:: Material to process ::

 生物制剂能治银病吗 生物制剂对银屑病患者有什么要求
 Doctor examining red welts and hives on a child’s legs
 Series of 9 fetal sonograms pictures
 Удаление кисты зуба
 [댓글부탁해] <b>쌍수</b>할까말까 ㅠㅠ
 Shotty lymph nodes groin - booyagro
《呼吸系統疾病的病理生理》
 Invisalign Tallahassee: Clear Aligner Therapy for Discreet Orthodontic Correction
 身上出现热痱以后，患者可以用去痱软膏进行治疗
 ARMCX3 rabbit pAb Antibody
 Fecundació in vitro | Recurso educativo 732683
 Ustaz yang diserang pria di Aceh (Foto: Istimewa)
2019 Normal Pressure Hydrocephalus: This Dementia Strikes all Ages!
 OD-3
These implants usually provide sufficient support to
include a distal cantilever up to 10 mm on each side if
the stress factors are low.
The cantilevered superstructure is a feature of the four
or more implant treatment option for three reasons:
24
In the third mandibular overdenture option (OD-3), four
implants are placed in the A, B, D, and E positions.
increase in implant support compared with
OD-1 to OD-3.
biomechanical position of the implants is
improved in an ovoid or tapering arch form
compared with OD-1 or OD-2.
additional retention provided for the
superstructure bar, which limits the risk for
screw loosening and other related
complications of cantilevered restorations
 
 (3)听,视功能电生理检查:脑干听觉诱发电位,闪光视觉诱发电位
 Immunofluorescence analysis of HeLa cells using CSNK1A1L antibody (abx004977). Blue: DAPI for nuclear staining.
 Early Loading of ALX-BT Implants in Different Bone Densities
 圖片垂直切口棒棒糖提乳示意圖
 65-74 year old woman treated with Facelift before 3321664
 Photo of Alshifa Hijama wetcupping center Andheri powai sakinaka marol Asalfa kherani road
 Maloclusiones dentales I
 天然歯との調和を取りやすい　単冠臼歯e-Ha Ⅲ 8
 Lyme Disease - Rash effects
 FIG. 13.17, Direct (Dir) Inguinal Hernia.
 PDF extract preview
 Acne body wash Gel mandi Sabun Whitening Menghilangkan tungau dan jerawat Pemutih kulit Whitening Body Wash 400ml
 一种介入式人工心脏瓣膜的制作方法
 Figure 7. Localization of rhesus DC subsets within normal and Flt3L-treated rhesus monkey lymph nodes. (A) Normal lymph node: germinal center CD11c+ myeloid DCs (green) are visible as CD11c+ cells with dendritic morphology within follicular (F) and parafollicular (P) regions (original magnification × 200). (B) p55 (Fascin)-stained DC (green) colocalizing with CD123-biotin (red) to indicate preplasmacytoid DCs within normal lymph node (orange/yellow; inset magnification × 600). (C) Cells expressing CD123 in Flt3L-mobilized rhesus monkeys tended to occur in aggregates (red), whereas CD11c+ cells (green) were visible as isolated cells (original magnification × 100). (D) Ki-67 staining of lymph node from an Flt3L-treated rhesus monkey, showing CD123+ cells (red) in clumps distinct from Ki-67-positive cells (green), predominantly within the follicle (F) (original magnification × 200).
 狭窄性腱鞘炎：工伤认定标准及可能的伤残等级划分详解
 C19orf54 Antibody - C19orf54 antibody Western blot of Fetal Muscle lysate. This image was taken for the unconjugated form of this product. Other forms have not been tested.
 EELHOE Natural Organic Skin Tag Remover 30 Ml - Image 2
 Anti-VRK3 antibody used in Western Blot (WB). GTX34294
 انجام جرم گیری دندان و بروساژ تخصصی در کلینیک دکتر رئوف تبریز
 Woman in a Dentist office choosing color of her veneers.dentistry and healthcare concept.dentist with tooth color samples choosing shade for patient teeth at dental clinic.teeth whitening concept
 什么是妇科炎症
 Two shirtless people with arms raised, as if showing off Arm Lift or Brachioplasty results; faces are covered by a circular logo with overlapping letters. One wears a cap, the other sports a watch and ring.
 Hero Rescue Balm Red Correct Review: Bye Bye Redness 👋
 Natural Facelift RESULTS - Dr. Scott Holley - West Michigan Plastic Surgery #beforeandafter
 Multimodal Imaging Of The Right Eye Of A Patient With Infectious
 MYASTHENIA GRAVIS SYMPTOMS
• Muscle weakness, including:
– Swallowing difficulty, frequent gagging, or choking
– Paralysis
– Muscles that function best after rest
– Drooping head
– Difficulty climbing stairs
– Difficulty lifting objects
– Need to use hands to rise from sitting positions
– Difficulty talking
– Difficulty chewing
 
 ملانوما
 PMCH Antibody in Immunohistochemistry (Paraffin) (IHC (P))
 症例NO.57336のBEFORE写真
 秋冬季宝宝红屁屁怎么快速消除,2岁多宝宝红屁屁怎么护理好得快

:::

Using the data above, output each line exactly.

 生物制剂能治银病吗 生物制剂对银屑病患者有什么要求
 Doctor examining red welts and hives on a child’s legs
 Series of 9 fetal sonograms pictures
 Удаление кисты зуба
 [댓글부탁해] <b>쌍수</b>할까말까 ㅠㅠ
 Shotty lymph nodes groin - booyagro
《呼吸系統疾病的病理生理》
 Invisalign Tallahassee: Clear Aligner Therapy for Discreet Orthodontic Correction
 身上出现热痱以后，患者可以用去痱软膏进行治疗
 ARMCX3 rabbit pAb Antibody
 Fecundació in vitro | Recurso educativo 732683
 Ustaz yang diserang pria di Aceh (Foto: Istimewa)
2019 Normal Pressure Hydrocephalus: This Dementia Strikes all Ages!
 OD-3
These implants usually provide sufficient support to
include a distal cantilever up to 10 mm on each side if
the stress factors are low.
The cantilevered superstructure is a feature of the four
or more implant treatment option for three reasons:
24
In the third mandibular overdenture option (OD-3), four
implants are placed in the A, B, D, and E positions.
increase in implant support compared with
OD-1 to OD-3.
biomechanical position of the implants is
improved in an ovoid or tapering arch form
compared with OD-1 or OD-2.
additional retention provided for the
superstructure bar, which limits the risk for
screw loosening and other related
complications of cantilevered restorations
 
 (3)听,视功能电生理检查:脑干听觉诱发电位,闪光视觉诱发电位
 Immunofluorescence analysis of HeLa cells using CSNK1A1L antibody (abx004977). Blue: DAPI for nuclear staining.
 Early Loading of ALX-BT Implants in Different Bone Densities
 圖片垂直切口棒棒糖提乳示意圖
 65-74 year old woman treated with Facelift before 3321664
 Photo of Alshifa Hijama wetcupping center Andheri powai sakinaka marol Asalfa kherani road
 Maloclusiones dentales I
 天然歯との調和を取りやすい　単冠臼歯e-Ha Ⅲ 8
 Lyme Disease - Rash effects
 FIG. 13.17, Direct (Dir) Inguinal Hernia.
 PDF extract preview
 Acne body wash Gel mandi Sabun Whitening Menghilangkan tungau dan jerawat Pemutih kulit Whitening Body Wash 400ml
 一种介入式人工心脏瓣膜的制作方法
 Figure 7. Localization of rhesus DC subsets within normal and Flt3L-treated rhesus monkey lymph nodes. (A) Normal lymph node: germinal center CD11c+ myeloid DCs (green) are visible as CD11c+ cells with dendritic morphology within follicular (F) and parafollicular (P) regions (original magnification × 200). (B) p55 (Fascin)-stained DC (green) colocalizing with CD123-biotin (red) to indicate preplasmacytoid DCs within normal lymph node (orange/yellow; inset magnification × 600). (C) Cells expressing CD123 in Flt3L-mobilized rhesus monkeys tended to occur in aggregates (red), whereas CD11c+ cells (green) were visible as isolated cells (original magnification × 100). (D) Ki-67 staining of lymph node from an Flt3L-treated rhesus monkey, showing CD123+ cells (red) in clumps distinct from Ki-67-positive cells (green), predominantly within the follicle (F) (original magnification × 200).
 狭窄性腱鞘炎：工伤认定标准及可能的伤残等级划分详解
 C19orf54 Antibody - C19orf54 antibody Western blot of Fetal Muscle lysate. This image was taken for the unconjugated form of this product. Other forms have not been tested.
 EELHOE Natural Organic Skin Tag Remover 30 Ml - Image 2
 Anti-VRK3 antibody used in Western Blot (WB). GTX34294
 انجام جرم گیری دندان و بروساژ تخصصی در کلینیک دکتر رئوف تبریز
 Woman in a Dentist office choosing color of her veneers.dentistry and healthcare concept.dentist with tooth color samples choosing shade for patient teeth at dental clinic.teeth whitening concept
 什么是妇科炎症
 Two shirtless people with arms raised, as if showing off Arm Lift or Brachioplasty results; faces are covered by a circular logo with overlapping letters. One wears a cap, the other sports a watch and ring.
 Hero Rescue Balm Red Correct Review: Bye Bye Redness 👋
 Natural Facelift RESULTS - Dr. Scott Holley - West Michigan Plastic Surgery #beforeandafter
 Multimodal Imaging Of The Right Eye Of A Patient With Infectious
 MYASTHENIA GRAVIS SYMPTOMS
• Muscle weakness, including:
– Swallowing difficulty, frequent gagging, or choking
– Paralysis
– Muscles that function best after rest
– Drooping head
– Difficulty climbing stairs
– Difficulty lifting objects
– Need to use hands to rise from sitting positions
– Difficulty talking
– Difficulty chewing
 
 ملانوما
 PMCH Antibody in Immunohistochemistry (Paraffin) (IHC (P))
 症例NO.57336のBEFORE写真
 秋冬季宝宝红屁屁怎么快速消除,2岁多宝宝红屁屁怎么护理好得快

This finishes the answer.